Part 1.1: Convolutions from Scratch

In this part, we implement convolutions from scratch using nested for loops. We first create a simple function that uses four nested for loops to perform a convolution. In this implementation, we naively sum each individual product for each pixel of the image with the kernel. We then create a function that uses two nested for loops with numpy operations to perform a convolution. In this implementation, we instead use np.dot to perform the convolution for each window slide of the kernel on the image. For both of these implementations, we pad the image with zeros based on the size of the kernel. We also flip the kernel to make sure we are performing "real" convolution. We then compare the results of these two functions and scipy.signal.convolve2D for a simple grayscale image of me and a box filter.

All of these methods used 0 padding for the image, thus treating the edges of the image the same.

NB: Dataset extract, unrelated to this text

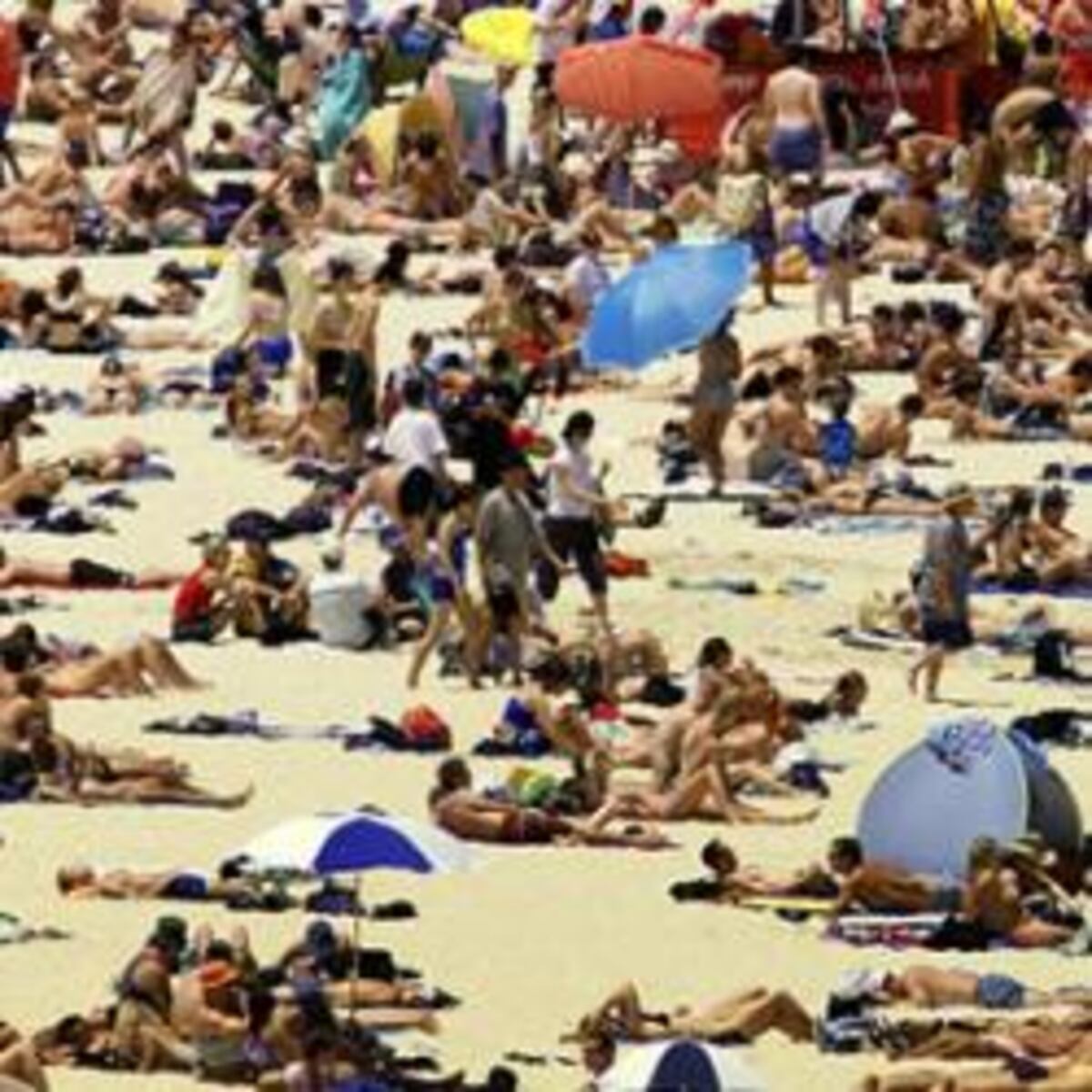 La llegada de turistas extranjeros a España modera su caída al 10 3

We use scipy.signal.convolve2D with mode='same', boundary='fill', and fillvalue=0 to perform the convolution the same way. I double checked that all of these methods gave the same results by running np.allclose on the results of the three functions. Code snippets are shown below.

def conv_with_four_loops(image, kernel):
    kernel_h, kernel_w = kernel.shape
    padding_h, padding_w = kernel_h // 2, kernel_w // 2
    image_padded = np.pad(image, ((padding_h, padding_h), (padding_w, padding_w)), mode='constant')
    kernel_flipped = np.flip(kernel, axis=(0, 1))
    result_image = np.zeros_like(image)

    for i in range(image.shape[0]):
        for j in range(image.shape[1]):
            for k in range(kernel_h):
                for l in range(kernel_w):
                    result_image[i, j] += image_padded[i + k, j + l] * kernel_flipped[k, l]

    return result_image

def conv_with_two_loops(image, kernel):
    kernel_h, kernel_w = kernel.shape
    padding_h, padding_w = kernel_h // 2, kernel_w // 2
    image_padded = np.pad(image, ((padding_h, padding_h), (padding_w, padding_w)), mode='constant')
    kernel_flipped = np.flip(kernel, axis=(0, 1))
    result_image = np.zeros_like(image)

    for i in range(image.shape[0]):
        for j in range(image.shape[1]):
            result_image[i, j] = np.dot(
                image_padded[i:i+kernel_h, j:j+kernel_w].ravel(),
                kernel_flipped.ravel()
            )

    return result_image

Comparison of the three functions for a 9x9 box filter on a grayscale image of me

The results of the convolutions are shown above. As we can see, the results of the three functions are the same. However, these functions are not the same speed. The four nested for loop function is the slowest, followed by the two nested for loop function, and then the scipy.signal.convolve2D function. Four loop time: 0.399 seconds, Two loop time: 0.169 seconds, SciPy time: 0.003 seconds. The exact times varied slightly between runs, but the relative times were the same (i.e. four loop was always slower than two loop, and two loop was always slower than scipy).

We also convolve the image of me with the finite difference filters Dx and Dy. Dx = [1, 0, -1] and Dy = [1, 0, -1]^T, which give us the partial derivatives of the image in the x and y directions respectively. Again, the results of the three functions are the same. These images are shown below.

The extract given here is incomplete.